BEGIN

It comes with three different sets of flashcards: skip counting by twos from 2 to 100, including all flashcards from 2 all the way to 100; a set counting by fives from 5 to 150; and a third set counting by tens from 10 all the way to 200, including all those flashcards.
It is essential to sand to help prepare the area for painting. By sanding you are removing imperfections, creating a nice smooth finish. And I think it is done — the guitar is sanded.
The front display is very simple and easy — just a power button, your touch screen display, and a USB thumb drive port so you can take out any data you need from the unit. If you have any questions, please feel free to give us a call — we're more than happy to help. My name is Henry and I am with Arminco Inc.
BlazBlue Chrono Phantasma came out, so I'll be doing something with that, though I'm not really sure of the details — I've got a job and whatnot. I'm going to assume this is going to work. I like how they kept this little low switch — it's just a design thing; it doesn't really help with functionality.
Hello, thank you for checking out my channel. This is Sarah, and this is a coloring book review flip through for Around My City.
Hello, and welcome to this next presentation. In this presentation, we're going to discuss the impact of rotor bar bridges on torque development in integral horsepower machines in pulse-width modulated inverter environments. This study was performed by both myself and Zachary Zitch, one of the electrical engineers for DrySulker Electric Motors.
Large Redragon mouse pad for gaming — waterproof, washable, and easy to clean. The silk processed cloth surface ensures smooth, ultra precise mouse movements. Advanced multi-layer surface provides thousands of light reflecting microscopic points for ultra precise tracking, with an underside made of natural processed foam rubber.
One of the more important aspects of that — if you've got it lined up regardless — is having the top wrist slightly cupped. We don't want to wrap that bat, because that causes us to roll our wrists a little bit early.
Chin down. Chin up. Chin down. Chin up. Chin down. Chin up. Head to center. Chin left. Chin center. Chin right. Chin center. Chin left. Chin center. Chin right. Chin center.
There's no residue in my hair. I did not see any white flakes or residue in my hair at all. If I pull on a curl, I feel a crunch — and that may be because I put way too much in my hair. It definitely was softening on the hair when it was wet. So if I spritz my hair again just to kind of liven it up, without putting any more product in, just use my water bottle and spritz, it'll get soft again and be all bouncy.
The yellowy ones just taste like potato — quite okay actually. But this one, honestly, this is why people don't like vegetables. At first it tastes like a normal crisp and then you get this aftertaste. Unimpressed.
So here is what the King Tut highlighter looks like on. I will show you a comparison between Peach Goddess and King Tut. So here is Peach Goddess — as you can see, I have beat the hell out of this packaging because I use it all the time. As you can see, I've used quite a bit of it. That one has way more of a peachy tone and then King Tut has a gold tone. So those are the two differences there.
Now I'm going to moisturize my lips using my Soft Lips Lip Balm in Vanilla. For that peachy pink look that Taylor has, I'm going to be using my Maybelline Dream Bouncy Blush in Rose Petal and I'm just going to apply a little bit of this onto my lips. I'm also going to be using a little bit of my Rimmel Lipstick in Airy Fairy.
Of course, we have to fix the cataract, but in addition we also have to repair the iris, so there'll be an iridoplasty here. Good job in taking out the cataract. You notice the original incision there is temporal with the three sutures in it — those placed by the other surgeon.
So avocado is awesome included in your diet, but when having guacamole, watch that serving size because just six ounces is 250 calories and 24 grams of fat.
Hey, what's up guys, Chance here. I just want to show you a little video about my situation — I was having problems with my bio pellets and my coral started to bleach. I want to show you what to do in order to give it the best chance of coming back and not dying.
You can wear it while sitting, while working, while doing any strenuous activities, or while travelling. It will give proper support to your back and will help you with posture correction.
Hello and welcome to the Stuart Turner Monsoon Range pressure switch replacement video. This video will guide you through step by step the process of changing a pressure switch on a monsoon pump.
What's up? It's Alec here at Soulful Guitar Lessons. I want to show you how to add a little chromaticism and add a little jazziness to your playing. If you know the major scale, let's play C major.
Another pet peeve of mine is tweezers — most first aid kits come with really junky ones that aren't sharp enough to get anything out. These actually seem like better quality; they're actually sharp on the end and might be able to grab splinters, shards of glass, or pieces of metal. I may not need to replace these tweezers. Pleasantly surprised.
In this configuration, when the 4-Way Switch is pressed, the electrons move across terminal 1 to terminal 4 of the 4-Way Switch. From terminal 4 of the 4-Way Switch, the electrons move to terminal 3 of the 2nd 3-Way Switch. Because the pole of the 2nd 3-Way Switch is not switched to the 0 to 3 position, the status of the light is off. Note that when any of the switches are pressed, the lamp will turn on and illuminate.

END

What are the exact lines from the beginning of the material through the line containing "BlazBlue Chrono Phantasma"? Write out those lines alone.

-- RESPONSE TO THIS EXERCISE --
It comes with three different sets of flashcards: skip counting by twos from 2 to 100, including all flashcards from 2 all the way to 100; a set counting by fives from 5 to 150; and a third set counting by tens from 10 all the way to 200, including all those flashcards.
It is essential to sand to help prepare the area for painting. By sanding you are removing imperfections, creating a nice smooth finish. And I think it is done — the guitar is sanded.
The front display is very simple and easy — just a power button, your touch screen display, and a USB thumb drive port so you can take out any data you need from the unit. If you have any questions, please feel free to give us a call — we're more than happy to help. My name is Henry and I am with Arminco Inc.
BlazBlue Chrono Phantasma came out, so I'll be doing something with that, though I'm not really sure of the details — I've got a job and whatnot. I'm going to assume this is going to work. I like how they kept this little low switch — it's just a design thing; it doesn't really help with functionality.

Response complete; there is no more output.